Ciertos poderosos


       Cuando Quevedo sacralizó la tríada amor, que no amoríos, dinero y poder, (en los versos de “madre, yo al oro me humillo, / él es mi amante y mi amado” para terminar en lo de “poderoso caballero / es don dinero”) no estaba sino reconociendo el escenario realmente humano, el de cada hora y el de todos los días y todos los momento, el de siempre desde que hay seres vivos sobre la Tierra. Porque la realidad es que no hay vida sin poder. En cuanto dos se juntan, bien con razones o cualquier otro medio, ya manda uno sobre el otro, uno dispone y otro obedece, uno decide y otro acata lo decidido.
      Descrita de esta manera la situación, la pregunta que en seguida suscita la curiosidad es si cabe un cambio de papeles o el reparto de jerarquías es siempre el mismo. Es decir, si hoy mandas tú pero mañana me toca a mí o, por el contrario, el que coge el poder ya no lo suelta, pase lo que pase. ¿Hay algún poder que no se pueda perder, que sea para siempre y de la misma manera? ¿En qué condiciones? Max Weber, un filósofo alemán a caballo entre los siglos XIX y XX, que dijo que el poder es no es más que la capacidad de predecir la conducta ajena, explica que de este hay tres tipos. Uno, que le viene a la persona por su carisma, su atractivo, su personalidad; en otros casos ejerce el poder a quien le corresponde por tradición, por costumbre. Estos son dos tipos de poder naturales. El tercero, el que se adquiere de acuerdo a las normas, sean estas las que fueren incluidas por tanto la fuerza, es muy diferente de los anteriores. Su característica principal es que es siempre un poder sobrevenido, que se tiene que ganar mediante un esfuerzo específico, por lo que, por más apariencia de firmeza que tenga, siempre es débil, presenta un rincón por el que le puede entrar la derrota. 
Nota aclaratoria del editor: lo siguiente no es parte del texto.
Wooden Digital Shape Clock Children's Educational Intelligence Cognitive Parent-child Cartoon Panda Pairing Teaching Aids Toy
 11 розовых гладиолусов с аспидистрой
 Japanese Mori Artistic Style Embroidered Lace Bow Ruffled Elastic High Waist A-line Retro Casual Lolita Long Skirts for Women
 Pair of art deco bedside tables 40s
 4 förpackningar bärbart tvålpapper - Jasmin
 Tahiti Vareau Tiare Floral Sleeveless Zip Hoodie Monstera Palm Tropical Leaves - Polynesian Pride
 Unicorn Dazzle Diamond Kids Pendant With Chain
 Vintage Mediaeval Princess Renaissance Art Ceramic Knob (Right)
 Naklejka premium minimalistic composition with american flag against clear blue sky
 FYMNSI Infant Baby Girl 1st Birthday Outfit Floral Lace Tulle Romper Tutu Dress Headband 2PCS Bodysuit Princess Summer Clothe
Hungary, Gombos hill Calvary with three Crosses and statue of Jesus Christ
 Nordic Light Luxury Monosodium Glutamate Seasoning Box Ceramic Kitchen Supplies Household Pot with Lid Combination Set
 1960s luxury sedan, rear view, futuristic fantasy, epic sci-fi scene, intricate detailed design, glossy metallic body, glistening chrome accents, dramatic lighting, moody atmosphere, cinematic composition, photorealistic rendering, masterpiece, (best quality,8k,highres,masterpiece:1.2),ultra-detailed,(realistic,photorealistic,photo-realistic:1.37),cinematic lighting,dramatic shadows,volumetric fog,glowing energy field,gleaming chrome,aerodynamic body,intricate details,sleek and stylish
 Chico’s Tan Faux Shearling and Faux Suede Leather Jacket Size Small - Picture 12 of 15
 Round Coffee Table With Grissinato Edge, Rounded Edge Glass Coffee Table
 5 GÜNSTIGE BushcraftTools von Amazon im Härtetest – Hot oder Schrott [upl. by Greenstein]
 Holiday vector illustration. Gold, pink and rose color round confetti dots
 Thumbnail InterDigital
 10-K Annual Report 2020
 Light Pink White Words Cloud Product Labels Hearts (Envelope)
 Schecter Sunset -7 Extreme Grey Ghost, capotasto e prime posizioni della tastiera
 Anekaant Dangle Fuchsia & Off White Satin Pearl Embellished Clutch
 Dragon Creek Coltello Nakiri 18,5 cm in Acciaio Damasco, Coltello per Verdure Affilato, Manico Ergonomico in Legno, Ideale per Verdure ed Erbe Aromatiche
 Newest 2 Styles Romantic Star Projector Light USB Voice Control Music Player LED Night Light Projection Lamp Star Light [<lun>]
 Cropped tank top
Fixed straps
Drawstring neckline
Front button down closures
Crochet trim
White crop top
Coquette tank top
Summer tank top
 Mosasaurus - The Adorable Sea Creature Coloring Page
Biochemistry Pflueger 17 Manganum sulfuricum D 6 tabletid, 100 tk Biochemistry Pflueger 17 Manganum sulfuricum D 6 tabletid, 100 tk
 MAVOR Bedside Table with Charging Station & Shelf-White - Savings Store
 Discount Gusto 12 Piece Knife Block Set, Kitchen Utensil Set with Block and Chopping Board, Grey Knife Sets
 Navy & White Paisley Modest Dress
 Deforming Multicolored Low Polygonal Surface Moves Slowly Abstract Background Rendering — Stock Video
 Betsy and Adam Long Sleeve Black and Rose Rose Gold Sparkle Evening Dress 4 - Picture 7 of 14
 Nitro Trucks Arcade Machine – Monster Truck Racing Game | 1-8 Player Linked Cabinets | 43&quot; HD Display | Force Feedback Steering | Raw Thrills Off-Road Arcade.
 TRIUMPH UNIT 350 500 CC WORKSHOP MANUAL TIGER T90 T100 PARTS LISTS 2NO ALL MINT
         Los poderosos, cuando han conseguido el poder o lo ejercen de manera abusiva se convierten en despóticos. Entonces son seres muy simples, de línea recta y camino sin recodos y sin curvas. Por eso aplastan a quienes no calculan con acierto la trayectoria que van a seguir y no saben apartarse a tiempo. Margarita Rivière dice que hay hombres que no se conforman con serlo sino que le echan un pulso a la idea de divinidad, el gran poder eterno… quieren mandar en todo, a todas horas, sobre todos, en todas partes, sin resquicios ni treguas… creen poseer la verdad. Lo que ni los dioses se atrevieron nunca, que siempre hablaron de convencer a los humanos. 
        Esos poderosos lo son porque tienen una plataforma, un sistema de apoyo estratégico y táctico. Una maquinaria ideológica que formula doctrinas y teorías que lo justifican y lo venden como verdad; otra, policial y represiva, que vigila la infiltración de cualquier enemigo; y una tercera, administrativa, que reparte certificados de adhesión perseverante, indestructible e inquebrantable. Y sus poseedores, que se ven obligados a ejercerlo con su corro de allegados mediante mercancías de pago ya sean prebendas, honores, miserias, platos de lentejas, escopetas de caza o besos de amantes, a veces lo pierden. Y la diferencia con los otros poderosos legales es que mueren a hierro porque a hierro mataron. Y no resucitan.